947 stars 289 forks source link

[RESULTS] Generalization to different faces and language #13

Open bimunlp opened 5 years ago

bimunlp commented 5 years ago

This is what I got when using the provided image and audio test 1 with crema the same image but with different audio (Chinese) test 2 with crema when I transfer it to other images, the results turn out to be very disappointing, after a lot of tests, i obtained a better result using timit, but still unnatural. test 8 with timit

DinoMan commented 5 years ago

That seems about right. Like I said in another issue the videos generated using timit, crema and grid do not generalize as well since they have only seen 15 to 60 faces. Also you should consider that most of those datasets don't have a single Asian face in the training sets so it will be extra hard for Asian faces. You need the lrw model for this.

Also since the datasets used for training are all English I do not expect it to work on different languages very well.

At the moment I am still on vacation.

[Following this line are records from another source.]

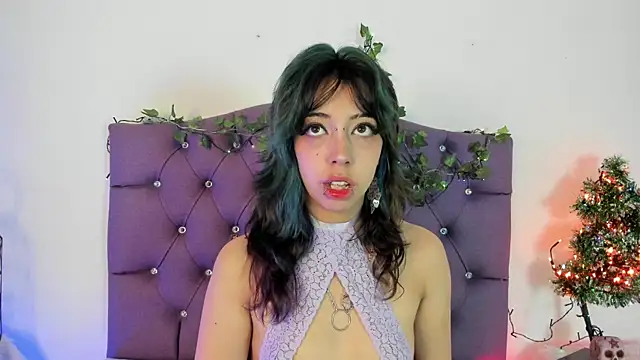 Nyx nayla online show from December 2024 03:58:01 PM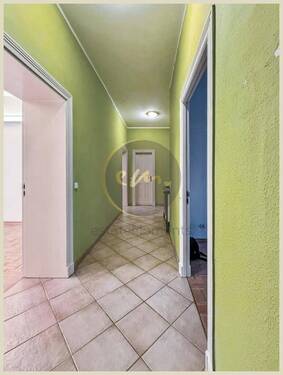 Flur (Vorderhaus) - 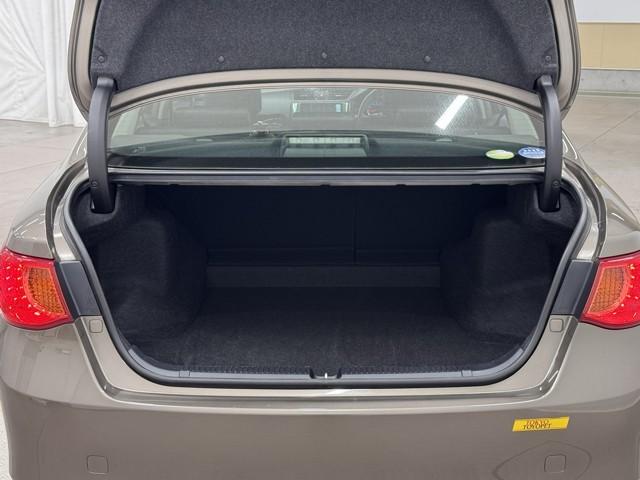 マークＸ ２５０Ｇ　リラックスセレクション・ブラックリミテッド　ナビＴＶ　盗難防止システム　Ｂカメラ　パワーステアリング　スマートキー　パワーシート　エアコン　ＥＴＣ付き　アルミホイール　ＡＢＳ　ＥＳＣ　ミュージックプレイヤー接続可　パワーウィンドウ　メモリーナビ（16枚目）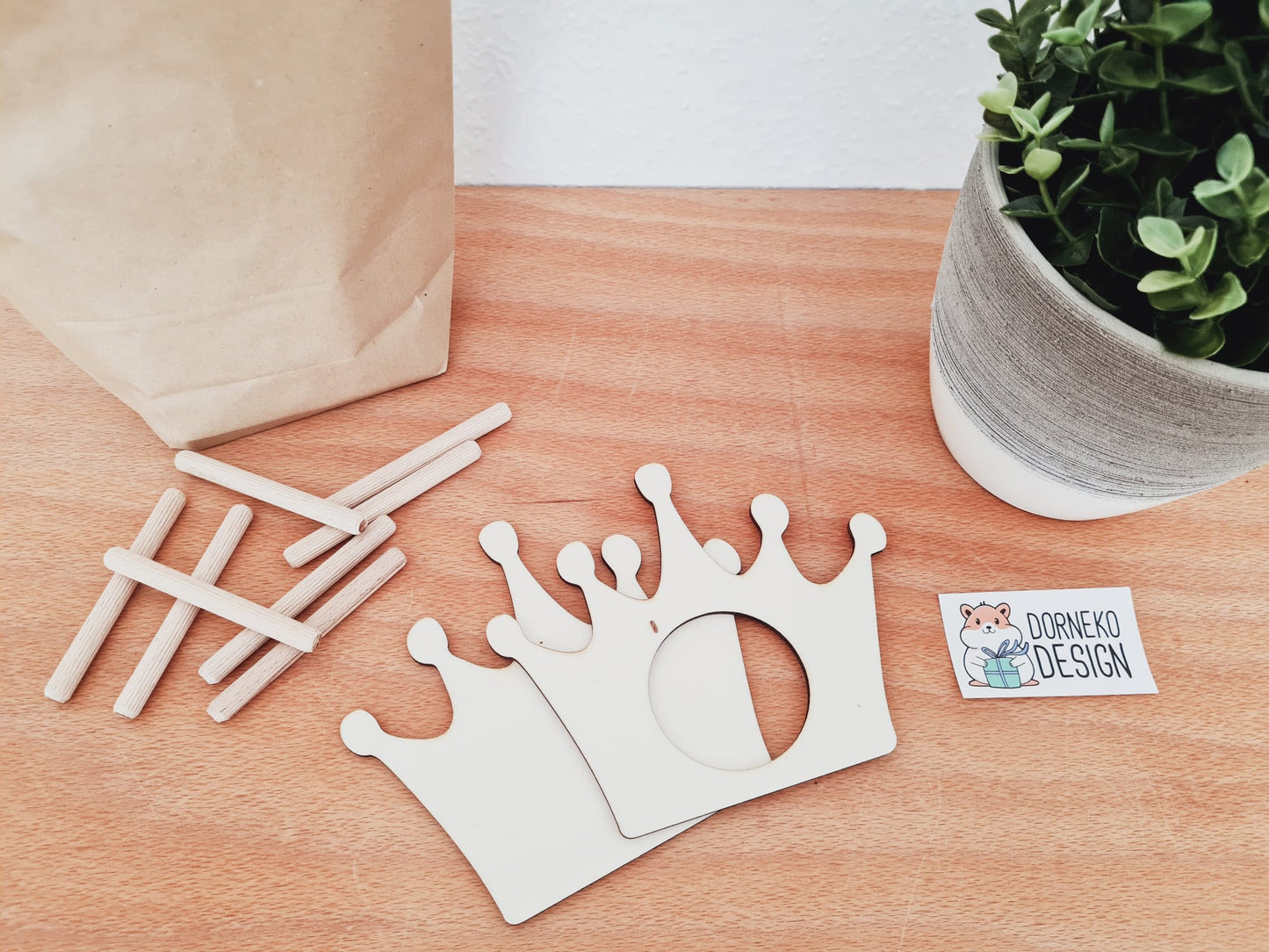 BAUSATZ Holzversteck *Krone* für Kleinnager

Once I'm back I'll look into solving issues regarding hosting the models (the demand is high so I have maxed out the free git lfs quotas). After that i also need to discuss with the rest of the team about the release of the lrw model. Once I have an update on this I will let you all know

bimunlp commented 5 years ago

A great job has been done! Thank you so much for your inspiring work.

ustc-baize commented 4 years ago

@yiyouls
hello,i meet the question va = sda.VideoAnimator(gpu=0) # Instantiate the animator has been running for over an hour. it keeps showing "Downloading the face detection CNN. Please wait..." and result nothing else. There is noting wrong with my GPU, would you tell me how to solve this problem?